THE DATA:
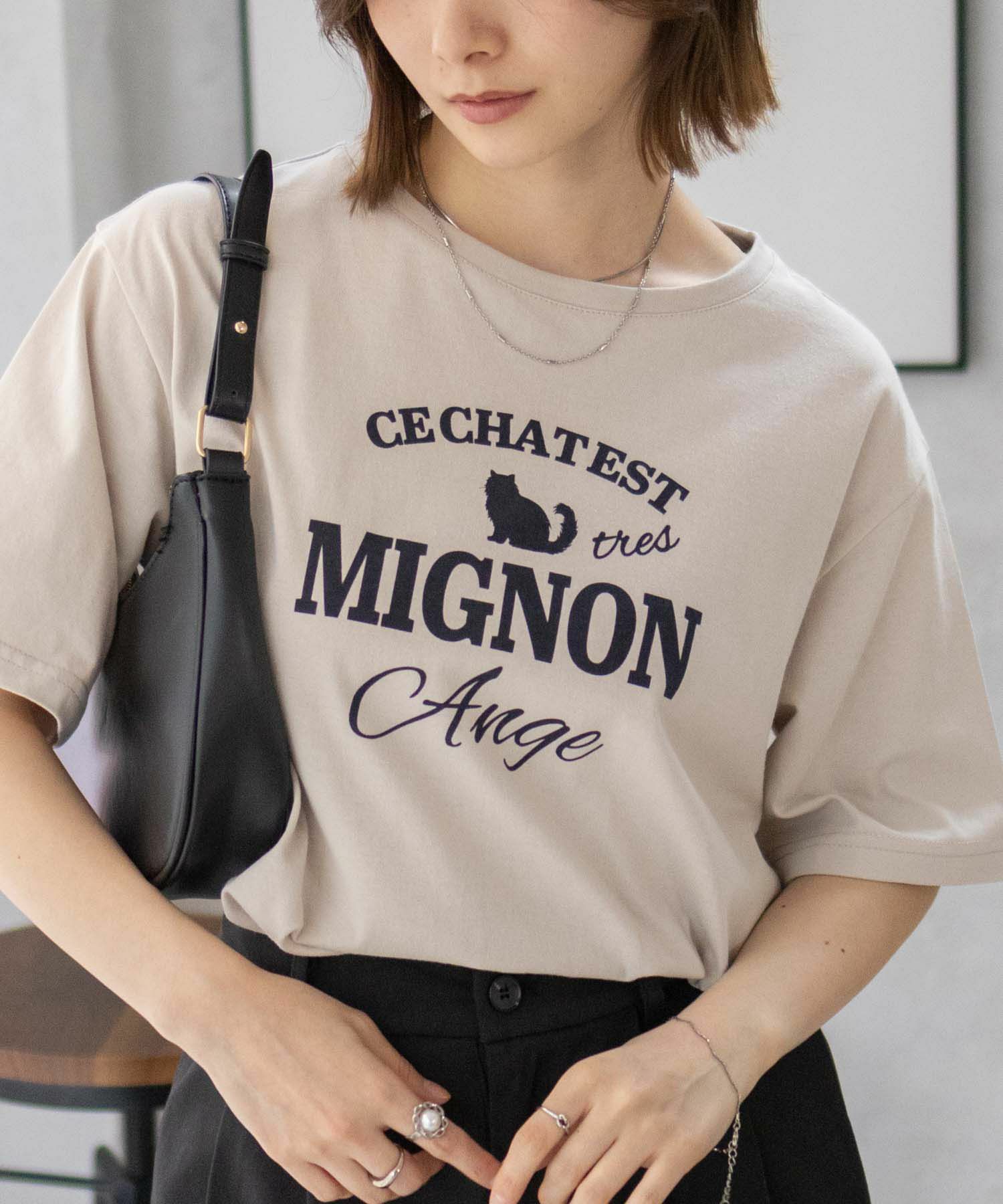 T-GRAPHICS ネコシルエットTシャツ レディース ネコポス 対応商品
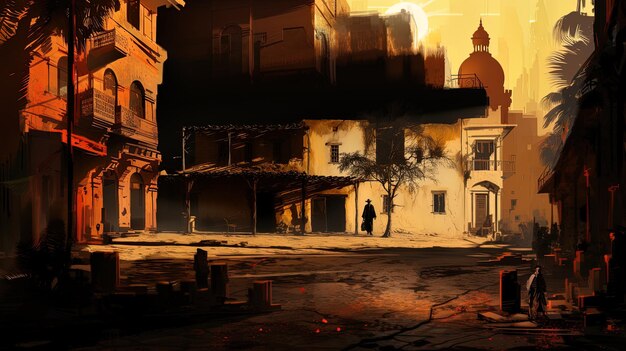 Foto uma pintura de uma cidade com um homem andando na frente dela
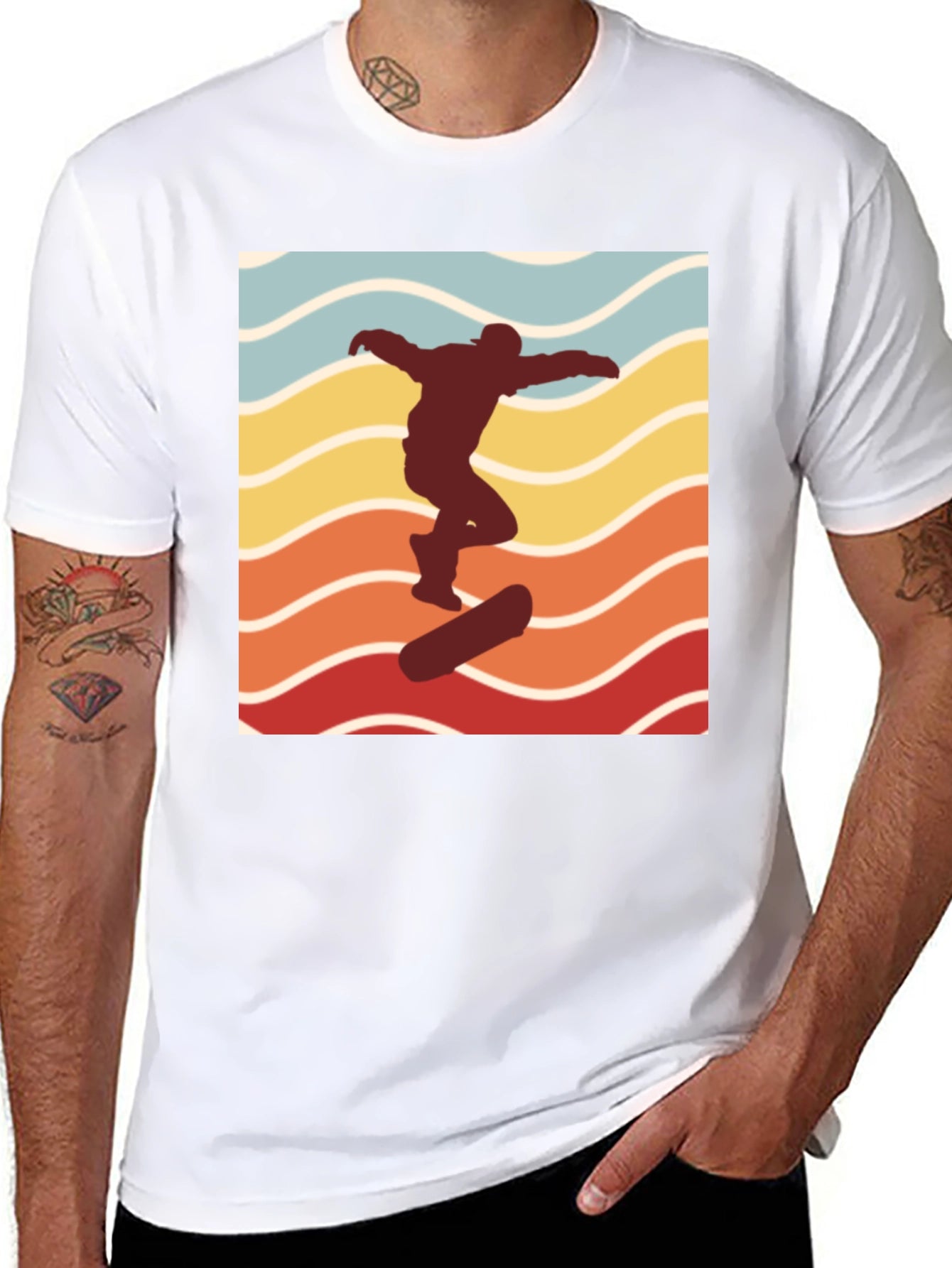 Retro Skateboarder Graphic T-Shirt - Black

TASK PROMPT: Copy out the listing above in full and leave out its pictures.

SOLUTION TO THIS TASK:
 T-GRAPHICS ネコシルエットTシャツ レディース ネコポス 対応商品
 Foto uma pintura de uma cidade com um homem andando na frente dela
 Retro Skateboarder Graphic T-Shirt - Black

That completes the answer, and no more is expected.